BEGIN

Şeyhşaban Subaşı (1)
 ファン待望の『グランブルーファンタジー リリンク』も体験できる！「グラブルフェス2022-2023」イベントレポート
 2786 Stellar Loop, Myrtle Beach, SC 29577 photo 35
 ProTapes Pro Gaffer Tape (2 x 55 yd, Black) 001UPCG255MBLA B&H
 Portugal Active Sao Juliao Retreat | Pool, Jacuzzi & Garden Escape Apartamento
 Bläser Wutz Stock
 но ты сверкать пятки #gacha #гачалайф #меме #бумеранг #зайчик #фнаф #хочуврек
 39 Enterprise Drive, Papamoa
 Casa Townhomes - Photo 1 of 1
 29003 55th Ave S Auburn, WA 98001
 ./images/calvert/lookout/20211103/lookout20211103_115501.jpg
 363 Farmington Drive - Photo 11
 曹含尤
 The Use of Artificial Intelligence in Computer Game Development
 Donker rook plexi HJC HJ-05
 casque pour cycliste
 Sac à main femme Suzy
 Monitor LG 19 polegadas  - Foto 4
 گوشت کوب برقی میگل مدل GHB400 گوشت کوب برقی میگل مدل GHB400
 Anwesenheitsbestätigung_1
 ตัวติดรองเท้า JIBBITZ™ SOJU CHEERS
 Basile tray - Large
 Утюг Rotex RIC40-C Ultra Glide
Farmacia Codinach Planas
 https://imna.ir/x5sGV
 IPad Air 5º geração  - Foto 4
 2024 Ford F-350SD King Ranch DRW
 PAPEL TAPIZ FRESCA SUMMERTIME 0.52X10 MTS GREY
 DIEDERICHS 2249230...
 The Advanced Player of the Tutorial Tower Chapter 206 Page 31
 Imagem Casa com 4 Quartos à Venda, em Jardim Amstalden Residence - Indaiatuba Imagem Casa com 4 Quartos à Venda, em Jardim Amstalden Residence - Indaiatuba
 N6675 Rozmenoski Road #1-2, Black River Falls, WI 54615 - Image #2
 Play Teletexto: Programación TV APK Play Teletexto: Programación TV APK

END

Keep only the lines from the line with "https://imna.ir/x5sGV" to the end of the records above, and repeat them exactly.

## Response to this exercise
 https://imna.ir/x5sGV
 IPad Air 5º geração  - Foto 4
 2024 Ford F-350SD King Ranch DRW
 PAPEL TAPIZ FRESCA SUMMERTIME 0.52X10 MTS GREY
 DIEDERICHS 2249230...
 The Advanced Player of the Tutorial Tower Chapter 206 Page 31
 Imagem Casa com 4 Quartos à Venda, em Jardim Amstalden Residence - Indaiatuba Imagem Casa com 4 Quartos à Venda, em Jardim Amstalden Residence - Indaiatuba
 N6675 Rozmenoski Road #1-2, Black River Falls, WI 54615 - Image #2
 Play Teletexto: Programación TV APK Play Teletexto: Programación TV APK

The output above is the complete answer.